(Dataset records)
- - -

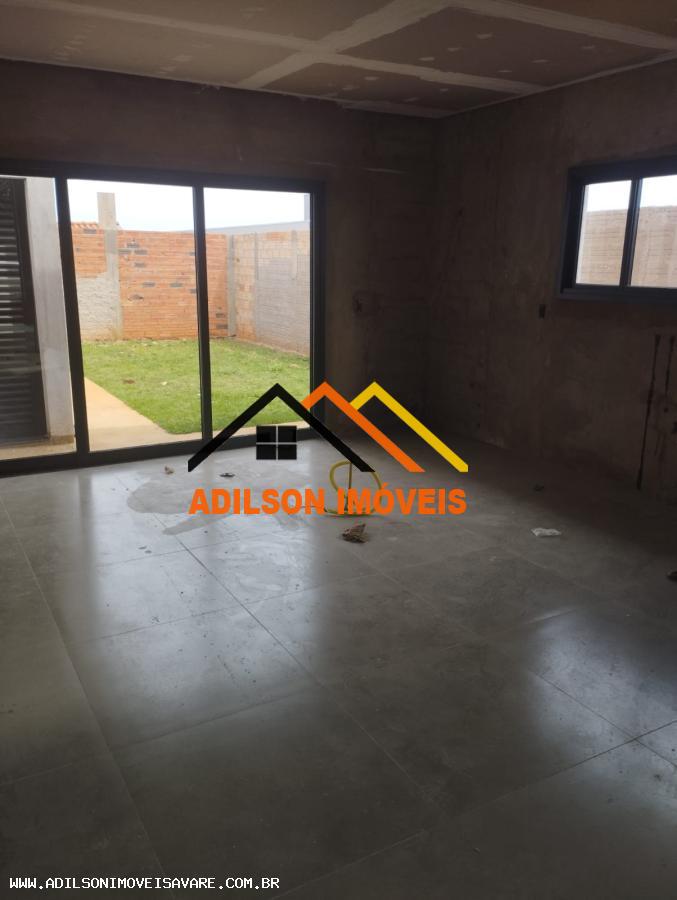 Casa à venda com 3 quartos, 142m² - Foto 23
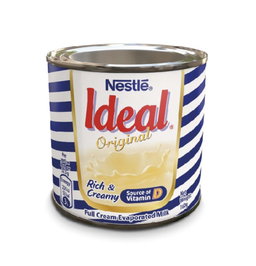 Ideal Milk 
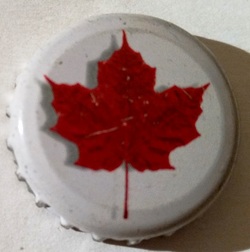 Molson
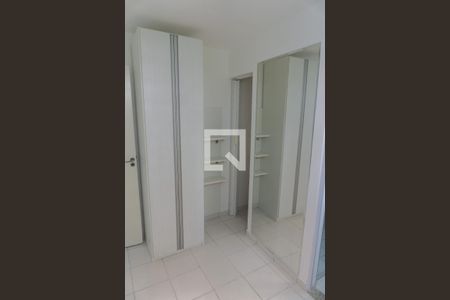 Quarto  de apartamento à venda com 1 quarto, 35m² em Consolação, São Paulo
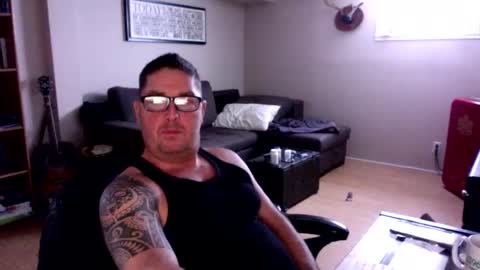 patmilll online show from 01.05.25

- - -

YOUR GOAL →
All of the records above must be copied exactly, except for the pictures.

YOUR SOLUTION →
 Casa à venda com 3 quartos, 142m² - Foto 23
 Ideal Milk 
 Molson
 Quarto  de apartamento à venda com 1 quarto, 35m² em Consolação, São Paulo
 patmilll online show from 01.05.25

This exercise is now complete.